Lauréate de l’appel à projet national Limits, la ville de Brest s’apprête, avec ses partenaires locaux, à mettre en œuvre un programme visant à limiter l’implication des plus jeunes dans les trafics de stupéfiants. Le projet, mis en œuvre avec la mission interministérielle de lutte contre les drogues et les conduites addictives, la Mildeca), va courir de 2025 à 2028.
Constat partagé
Déjà mis en œuvre dans trente autres villes en France, le dispositif part d’un constat simple : de plus en plus de mineurs, souvent issus de quartiers défavorisés, se retrouvent impliqués dans ces trafics.

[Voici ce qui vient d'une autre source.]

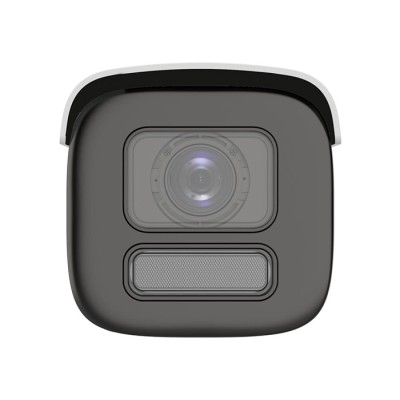 311323998 Telecamera Bullet Varifocale Smart Hybrid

En 2024, près de 10 000 d’entre eux ont ainsi été impliqués dans des dossiers de ce type.
Présenté jeudi 11 septembre, à l’occasion du Conseil métropolitain de sécurité et de prévention de la délinquance (CMSPD), le projet va se concentrer sur deux quartiers : Kerangoff et Kergoat. « Il est hors de question de nier la réalité des consommations et du trafic à Brest. Mais aujourd’hui, comparée à d’autres villes de même taille, Brest n’a pas basculé dans une situation absolument ingérable, avec une économie parallèle constituée », rappelle Jean-Phlippe Setbon, sous-préfet de Brest. Et de rappeler l’action constante et répétée des services de police et de justice pour lutter contre les trafics.
Prévenir et guérir
Pour autant, le projet Limits entend compléter cette action : « Il faut arrêter d’opposer prévention et répression, soins et respect de la loi. Tout cela est nécessaire : les citoyens souhaitent tout à la fois qu’on lutte contre les trafics et qu’on prenne soin de leurs jeunes », souligne Nicolas Prisse, directeur de le MILDECA.
C’est donc bien ce vers quoi le projet Limits entend mener. Dans les prochaines semaines un coordinateur sera nommé, pour mettre en œuvre une quarantaine de mesures dans les deux quartiers. Objectifs : repérer les jeunes les plus à risques, casser les mythes de l’argent facile et redonner à ces adolescents la possibilité d’entrevoir un autre avenir, loin de la fureur des gangs et de leurs trafics.
Quartiers tests
Pour ce faire, c’est une culture partenariale qui devra se mettre en place, impliquant tout autant l’Education nationale que les acteurs associatifs de Kerangoff et Kergoat. « Ces deux quartiers ont été choisis pour cette expérimentation, parce qu’ils présentent un taux de pauvreté important, ce qui est un critère majeur de l’entrée dans les trafics. Mais ils sont aussi dotés d’un tissu associatif dense, sur lequel on pourra s’appuyer », précise Jean-Phlippe Setbon.
« Brest offre encore cette dimension humaine, où la cause n’est pas perdue et où on peut encore appliquer un No pasaran* aux narcotrafiquants. Et en la matière, nos actions à tous sont interdépendantes : seul on va plus vite mais ensemble on est plus forts et on va beaucoup plus loin », juge Stéphane Kellenberger, procureur de Brest.
D’ores et déjà, le travail se met en place sur les deux quartiers. Si les résultats sont au bout du chemin, la méthode pourra être appliquée à d’autres quartiers de la ville, comme cela a déjà été le cas dans d’autres villes.
Une coopération.... et de l'agilité
« Les consommations illicites sont en hausse partout, pas qu’à Brest. Ici, nous allons travailler ensemble, en liant prévention et répression. Il y a des solutions, qui sont complexes à mettre en œuvre, mais qui nécessitent cette coopération que nous essayons de mener à Brest », résume François Cuillandre, maire de la ville.
Le projet Limits porte aussi en lui l’un des arguments les plus efficaces contre les trafiquants : l’argent. Car le budget de 233 000 euros consacré à cette opération via l’appel à projet est issu… des saisies opérées chez les narcotrafiquants. « Ils sont agiles… nous aussi ! », prévient le procureur de Brest.